Alice In Chains, Nirvana, Soundgarden, Ministry, STP, NIN, Smashing Pumpkins, Faith No More, Metallica, Megadeath, Peppers, Tool..... and you have a deal. None of that easy listening poop. Why can't we have a decent headbangers night on the island!
as I recall, those are groups from the '90s, although a few were nightclub acts in the late 80s. Metalica is an exception, they were recording in the mid-80s, I think. Maybe you could sponsor a 90s night someplace like Pedro's? I think that Jägermeister
is the proper vintage to be served with your Mötley Crüe.
I'm with you regarding the easy listening side of the 1980s. I was ready to jump off a bridge if I heard Michael Jackson one more time. And the boy bands? I couldn't turn on the radio, terrified that I'd hear something like Tears for Fears. Yikes! Awful!
I ended up learning a lot about 1960s & 70s music during the 80s, since so few of the popular acts were compatable with my "tastes". I've always liked rock, and I explored the origins of hard rock during those days. Also, the blues backround that I was first exposed to while listening to artists such as Eric Clapton, Johnny Winters and the early Led Zepplin albums lead me to spend some quality time with, for example, B.B. King and Junior Wells. When new blues acts like Stevie Ray Vaughn hit the airwaves, I decided that there was hope for the human race, after all.

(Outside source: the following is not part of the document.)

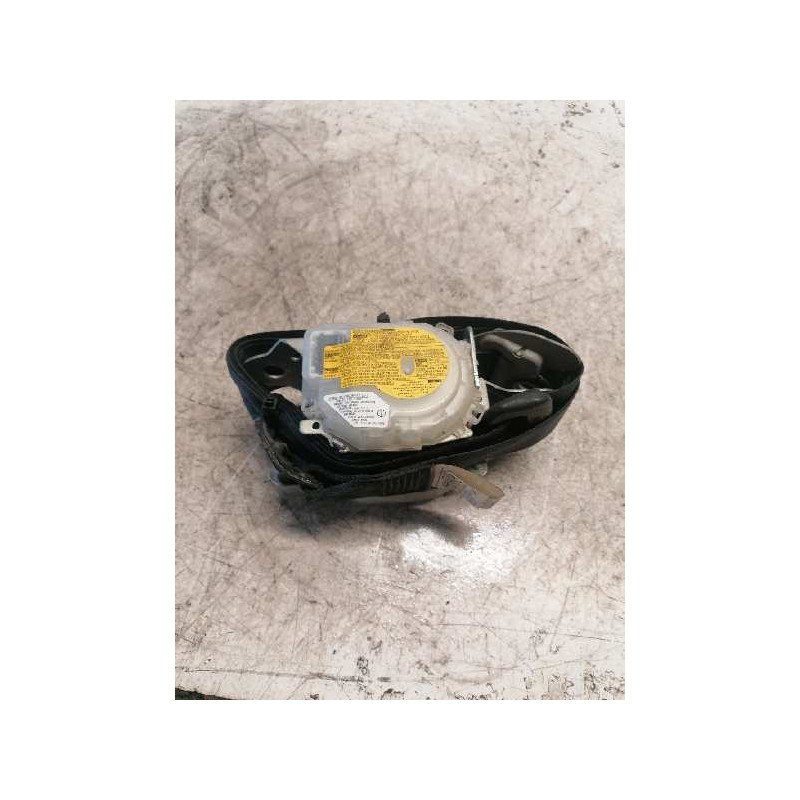 Recambio de cinturon seguridad delantero derecho para toyota corolla verso (r1) 2.2 d-4d luna referencia OEM IAM L153004 - Gris 2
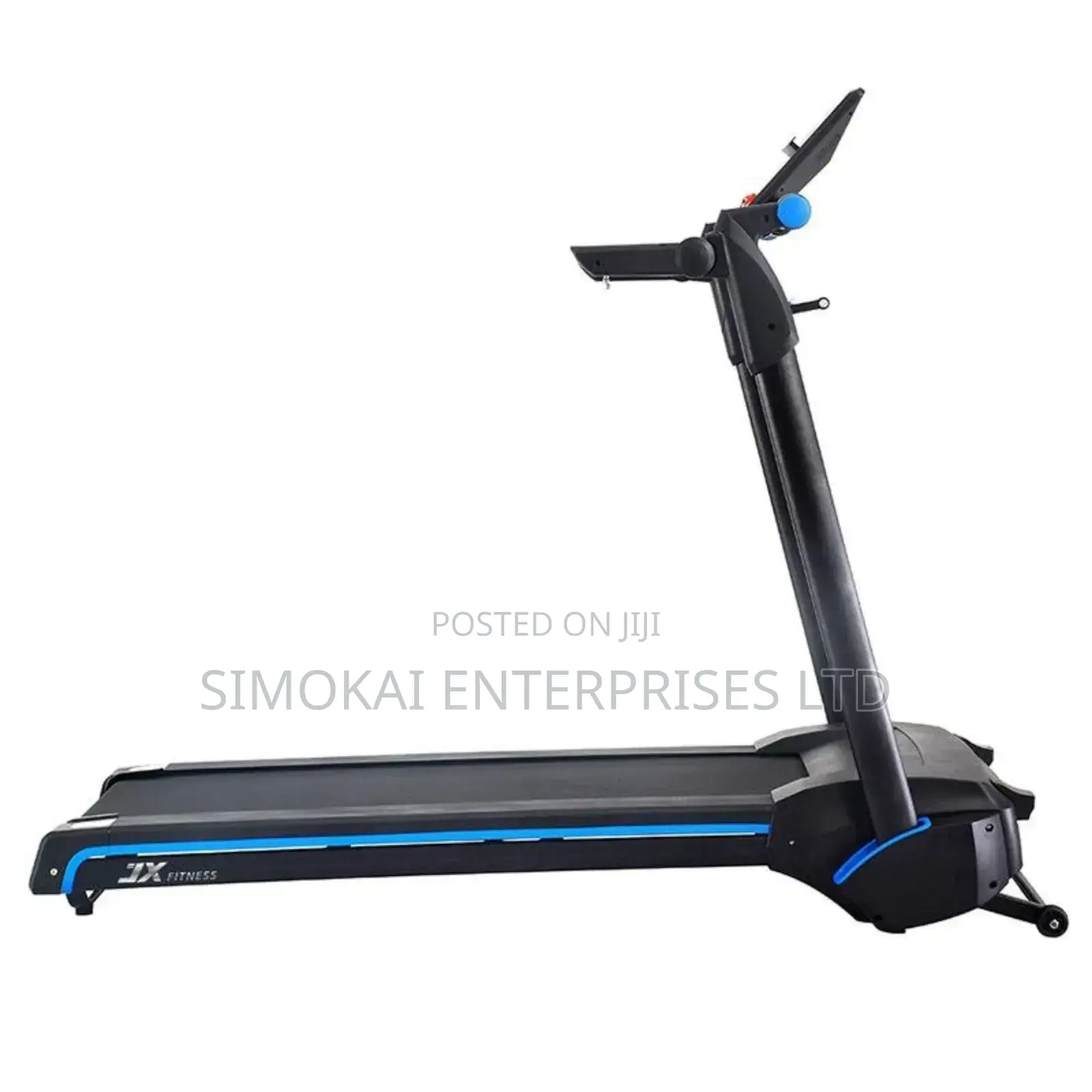 Jx-651 Foldable Domestic Treadmill Space Saving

I also looked into the Folk Movement, Bluegrass and Country Rock. I had always been a fan of James Taylor and the Allman Brothers Band, so expanding on those early influences kept me sane, more or less, during the musical wastland that was the 80s.
The 80s had a surprising club scene, once you got past the multitude of generic acts paying Journey and Boston covers. Those were the days of wine and spandex, as the disco days faded into the hair band era. The LA club scene was healthy, Austin was getting national attention and New York had its punk-new wave clubs like CBGB
For better or worse, the 80s will always be remembered for the more commercial acts that were heavily promoted in that decade, but let's not forget the important countercurrents. Metal
, for example, had its roots in the earlier hard rock acts like Black Sabbath. Some of the hair bands have roots in the Glam Movement, for example, bands like T Rex
My point is, let's do a hard corps rock night somewhere and get loud and proud. I'm all in.